Given the entries that follow, write out exactly the lines starting at the one containing "The FM23 Pentagon" and ending at the one containing "Framed Print : Rudi", both ends included, and only those.

Scraped caption text data
- - - -
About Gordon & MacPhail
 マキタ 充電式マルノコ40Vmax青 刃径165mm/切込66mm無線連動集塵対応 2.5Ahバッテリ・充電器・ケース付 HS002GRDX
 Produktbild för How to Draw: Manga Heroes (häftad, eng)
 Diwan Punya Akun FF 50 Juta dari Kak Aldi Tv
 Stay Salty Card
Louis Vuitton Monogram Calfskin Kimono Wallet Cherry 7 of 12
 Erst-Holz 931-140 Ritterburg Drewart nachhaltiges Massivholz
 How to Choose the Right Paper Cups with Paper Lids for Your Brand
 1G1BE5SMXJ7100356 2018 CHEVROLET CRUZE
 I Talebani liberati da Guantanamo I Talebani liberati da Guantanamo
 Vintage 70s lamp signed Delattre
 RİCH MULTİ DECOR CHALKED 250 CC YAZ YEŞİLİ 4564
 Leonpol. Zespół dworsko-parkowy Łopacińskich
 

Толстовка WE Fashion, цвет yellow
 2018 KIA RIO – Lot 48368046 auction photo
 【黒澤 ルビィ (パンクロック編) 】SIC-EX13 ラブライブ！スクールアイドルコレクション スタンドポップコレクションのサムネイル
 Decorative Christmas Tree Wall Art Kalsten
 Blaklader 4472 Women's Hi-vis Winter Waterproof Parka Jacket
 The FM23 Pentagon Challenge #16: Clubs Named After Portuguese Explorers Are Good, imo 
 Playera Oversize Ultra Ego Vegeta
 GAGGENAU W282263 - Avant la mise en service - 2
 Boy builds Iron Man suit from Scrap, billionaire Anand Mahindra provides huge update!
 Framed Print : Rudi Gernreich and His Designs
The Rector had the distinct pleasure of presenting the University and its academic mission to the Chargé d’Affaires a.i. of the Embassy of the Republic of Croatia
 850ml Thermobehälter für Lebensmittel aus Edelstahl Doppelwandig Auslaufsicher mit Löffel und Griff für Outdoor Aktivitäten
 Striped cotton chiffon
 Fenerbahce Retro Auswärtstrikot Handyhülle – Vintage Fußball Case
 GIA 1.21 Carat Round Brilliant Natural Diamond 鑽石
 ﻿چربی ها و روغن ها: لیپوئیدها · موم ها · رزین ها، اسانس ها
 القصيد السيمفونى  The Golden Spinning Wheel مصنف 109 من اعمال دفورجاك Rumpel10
- - - -
## [Result for this task]
 The FM23 Pentagon Challenge #16: Clubs Named After Portuguese Explorers Are Good, imo 
 Playera Oversize Ultra Ego Vegeta
 GAGGENAU W282263 - Avant la mise en service - 2
 Boy builds Iron Man suit from Scrap, billionaire Anand Mahindra provides huge update!
 Framed Print : Rudi Gernreich and His Designs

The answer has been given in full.